One could see U.S. Wheat Associates and its allies as being deliberately greedy, backing approaches that work to entrench poverty abroad, rather than fighting it, with the full intention of lining their pockets at taxpayer expense. But I suspect that, as with the Good Shepherd analogy that I keep coming back to, that leaders in American agribusiness see this not as helping themselves, but as helping everyone. And I suspect that this is something that a lot of people outside of the United States realize about it; the tendency to see itself as indispensable to the world. And so the United States see aggressively looking after it own interests as something that it's doing for the world at large.

Of course, this way of looking at the world (and, perhaps, avoiding looking at oneself) existed prior to the formation of the United States, and it will exist even once the United States has passed into history. What's interesting about it is how open it all is.
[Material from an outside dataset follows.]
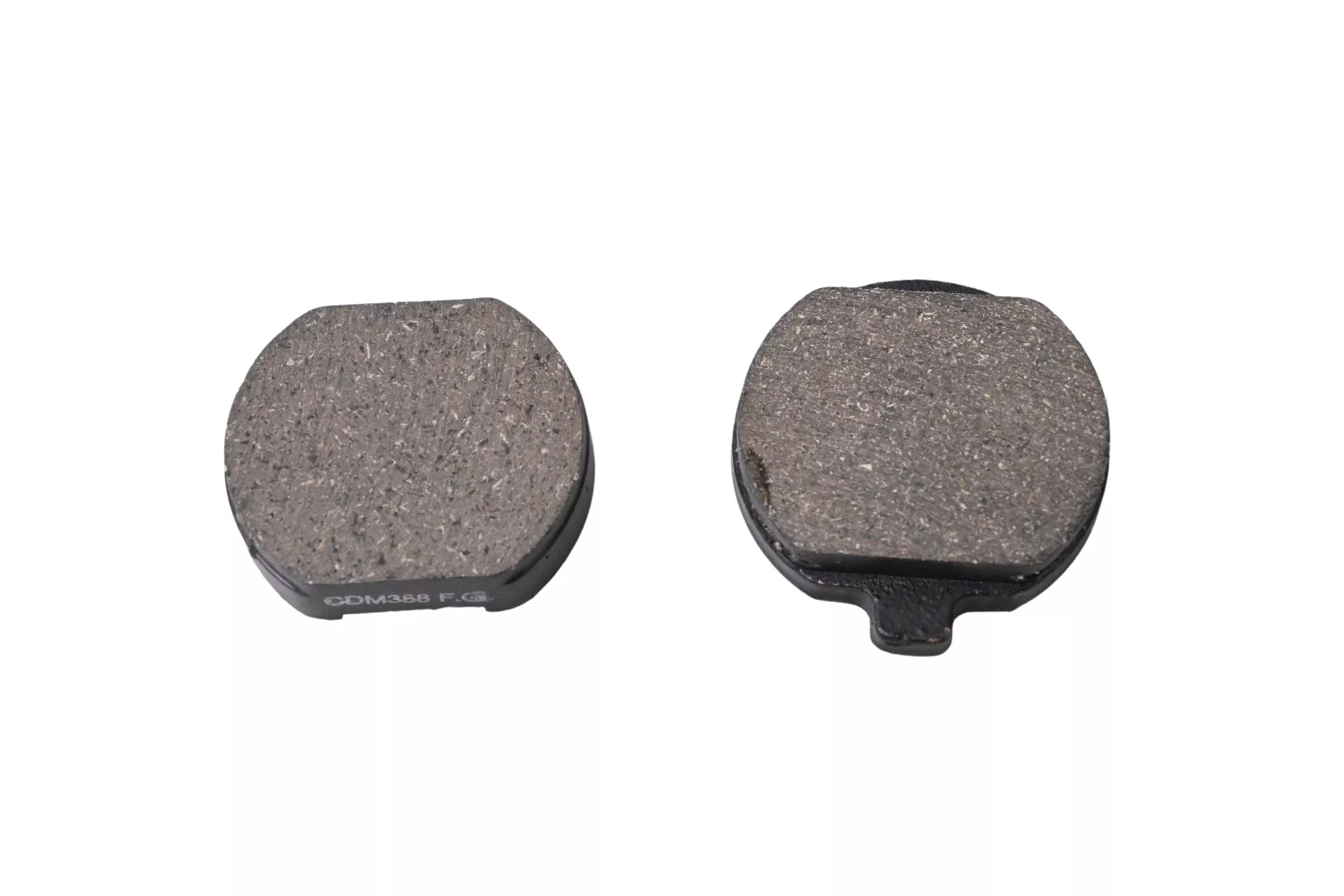 Interpart TSRP640 Tufstop Brake Pad Kit NOS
The fact that the United States effectively dumps commodities (clothing being another big one) on poor nations in a manner that crushes their local industries (and therefore, hampers their ability to lift themselves out of poverty) has been known, and talked about, for years. The piece on the NPR website is far from the first time that I've read about it.

Of course, a sense of entitlement also fits the bill. I'm sure that if one were to ask advocates for American agribusiness, they would rather confidently claim that American farmers are deserving of the aid money that is funneled to them, even it means that it's spent less efficiently than it could be. After all, what good is being exceptional, if it doesn't come with financial benefit.